Data section ::
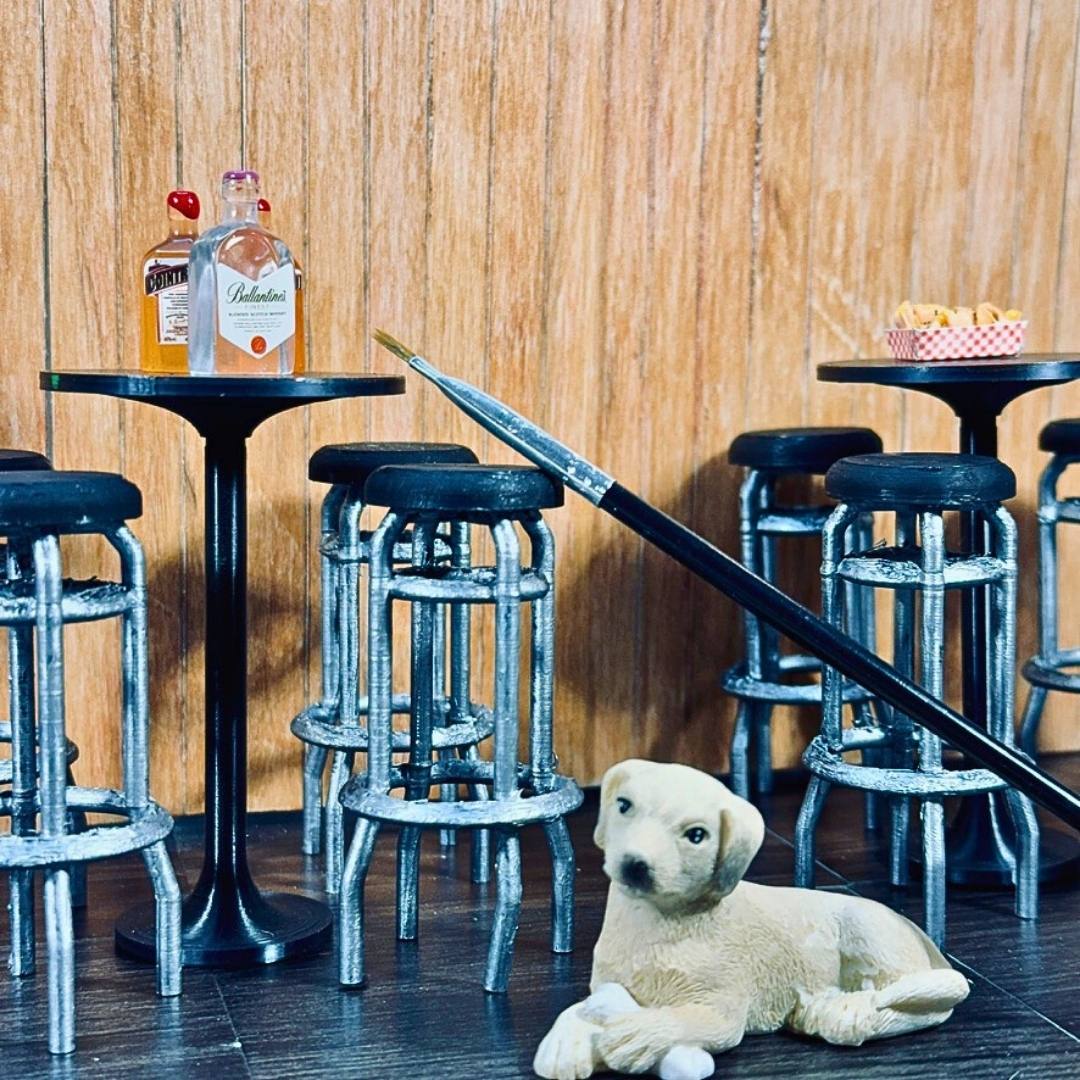 Miniature Bar Stools and Tables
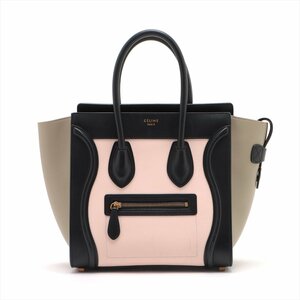 1 иен # прекрасный товар # Celine # багажный микро shopa- кожа большая сумка многоцветный плечо рука натуральная кожа женский EEM V50-1
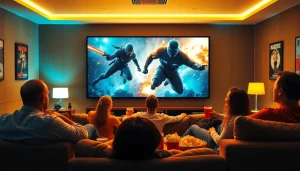 สนุกกับการดูหนังออนไลน์ในบ้านกับเพื่อนๆ ภาพบรรยากาศที่เต็มไปด้วยความอบอุ่น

What this task involves :: All the lines above need to be repeated exactly, with no pictures carried over.

Output for this task ::
 Miniature Bar Stools and Tables
 1 иен # прекрасный товар # Celine # багажный микро shopa- кожа большая сумка многоцветный плечо рука натуральная кожа женский EEM V50-1
 สนุกกับการดูหนังออนไลน์ในบ้านกับเพื่อนๆ ภาพบรรยากาศที่เต็มไปด้วยความอบอุ่น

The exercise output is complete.